Ye Chen tidak terlalu khawatir soal itu; yang ia pikirkan adalah apakah kehilangan kendali akan membuat para petinggi menganggapnya buruk.

Sebenarnya, Ye Chen terlalu khawatir. Selama ia tidak menunjukkan sikap membangkang, kabur, atau merusak Angkatan Laut, maka ia tidak akan mendapat tekanan.

Karena bakat dan potensi dapat menutupi sifat buruk.

Jika hanya karena kehilangan kendali Ye Chen ditekan, maka Sakazuki, Borusalino, Kuzan, dan Spider Hitam yang lebih arogan sudah lama disingkirkan.

Jadi, selama tidak melanggar batas Angkatan Laut, tidak akan ada pengucilan atau tekanan. Singkatnya, Ye Chen terlalu curiga, atau mungkin ia merasa kurang aman.

"Tujuh hari, ditambah dua hari kau tertidur, jadi kita punya lima hari."

"Kalau begitu, mari berlatih!"

Virgo dan Smoker mengepalkan tangan, meski tidak bisa masuk empat besar, setidaknya enam besar harus mereka raih.

Selanjutnya, mereka bertiga berlatih siang dan malam, sementara Tina, Xiu En, dan Beri Good berada di sisi mereka, membantu dan melayani, karena ketiganya sudah kehilangan kesempatan bertanding. Mereka berharap Ye Chen dan kedua temannya bisa meraih hasil baik, agar mereka juga punya kebanggaan.

Selama masa itu, Ze Fa sempat datang sekali, melihat Ye Chen bertiga berlatih dengan penuh semangat, ia mengangguk puas.

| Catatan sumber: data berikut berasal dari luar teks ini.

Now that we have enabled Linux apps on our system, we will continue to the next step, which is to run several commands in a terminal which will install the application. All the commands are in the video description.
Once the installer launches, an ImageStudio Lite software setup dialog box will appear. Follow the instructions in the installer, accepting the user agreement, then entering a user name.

Ze Fa juga memberikan bimbingan tentang teknik tubuh dan haki, penjelasannya sangat rinci, dan Ye Chen bertiga menyerap ilmu seperti spons.

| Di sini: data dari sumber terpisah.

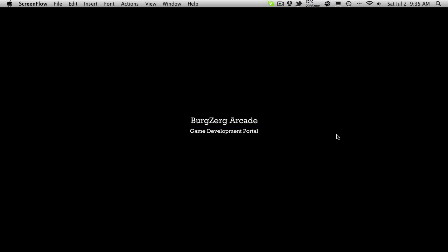Hi, this is PD at Bergzog Arcade at bergzogarcade.com and this is tutorial 243. We're still in the changing room and this is part I.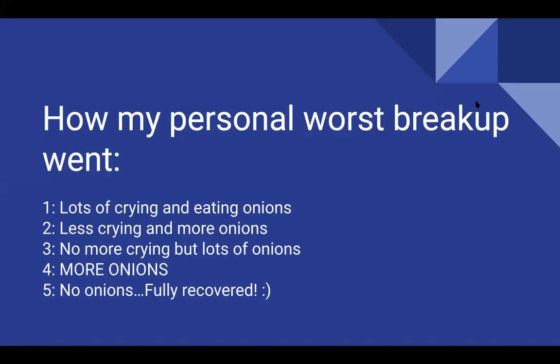How my personal worst breakup went. I definitely had a lot of crying and eating onions. I don't really think eating the onions contributed to that breakup because the onions don't necessarily make me cry. I know they make a lot of people cry, but they don't make me cry. The only thing that makes me cry is breakups. More onions. Just more onions. Then you're fully recovered. For me, onions never really worked. But it may work for other people. 80% of the time, it will work for you. The onions will help you get over it. I like onions.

Bisa dibilang, Ze Fa memberi mereka jalan pintas; meski dalam waktu singkat tidak bisa meningkatkan kekuatan, namun untuk perkembangan masa depan, hal itu sangat penting.

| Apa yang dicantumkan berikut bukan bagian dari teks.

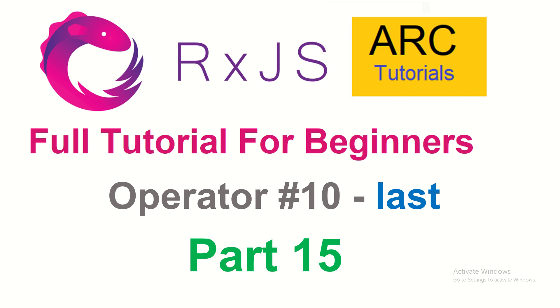Hi friends, welcome back to R Tutorials. This is RxJS Full Tutorial Series for Absolute Beginners.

Banyak masalah kecil seperti teknik tubuh yang kurang lancar atau haki yang sulit dikendalikan, berkat bimbingan Ze Fa, Ye Chen bertiga bisa menghindari banyak jalan berliku—pengalaman ini sangat berharga.

Selain itu, ini adalah kedua kalinya Ze Fa memberikan penjelasan. Di pertama kali, Ye Chen dan yang lain masih bingung, namun kali ini jauh lebih jelas, walau pertanyaan baru bermunculan.

Lima hari berlalu dalam sekejap; pertarungan baru, sudah pasti akan menarik perhatian.